Content available in
Marta Noguer
April 3rd, 2013

In its desire to put a stop to deflation and redirect growth, Japan's economic authorities have given their monetary policy a markedly expansionary twist. This has led to a substantial depreciation of the yen (down 20% against the dollar since November 2012) which has aroused criticism, especially among the country's Asian neighbours who may lose external competitiveness. There are some, however, who argue that today's expansionary monetary policy by Japan and other advanced economies is not a competitive devaluation. Ultimately, the essential aim of such policies is to boost domestic demand.

Whether depreciation is deliberate or not, what is true is that the exchange rate plays or should play an important role in economic policy decisions. This role will depend, in the first instance and to a large extent, on the exchange rate regime chosen.

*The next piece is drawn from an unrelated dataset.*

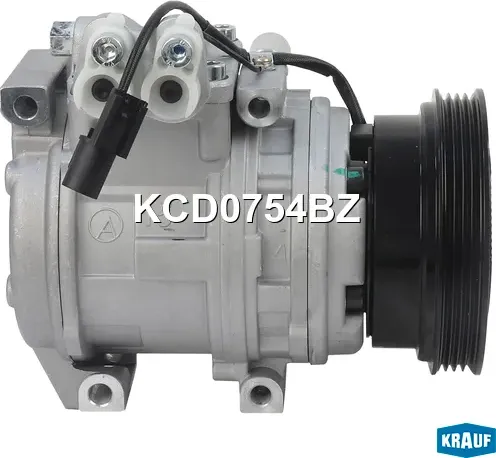 Компрессор кондиционера (Krauf). Артикул KCD0754BZ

A hard exchange rate peg makes it impossible to use the exchange rate as a routine economic policy tool because it basically fixes its par value. If, moreover, capital flows are allowed to circulate freely, this regime means that monetary policy can no longer act independently to modulate the economic cycle. Hence, a country with a fixed exchange rate that decides to ease its monetary policy (compared with the country of the anchor currency) would lead to capital outflows and, consequently, push down the value of the currency. Under this scenario, the central bank would not be able to counter indefinitely by selling off reserves since these are limited. In the area of economic theory, this incompatibility between a fixed exchange rate, free capital flows and independent monetary policy is known as the trilemma of the open economy or the impossible trinity. We can find present-day examples in the Saudi Arabian riyal, which pegs its rate against the dollar, or in the Lithuanian litas which, since its inclusion in the Exchange Rate Mechanism II (ERM II), has kept a de facto fixed rate against the euro.(1)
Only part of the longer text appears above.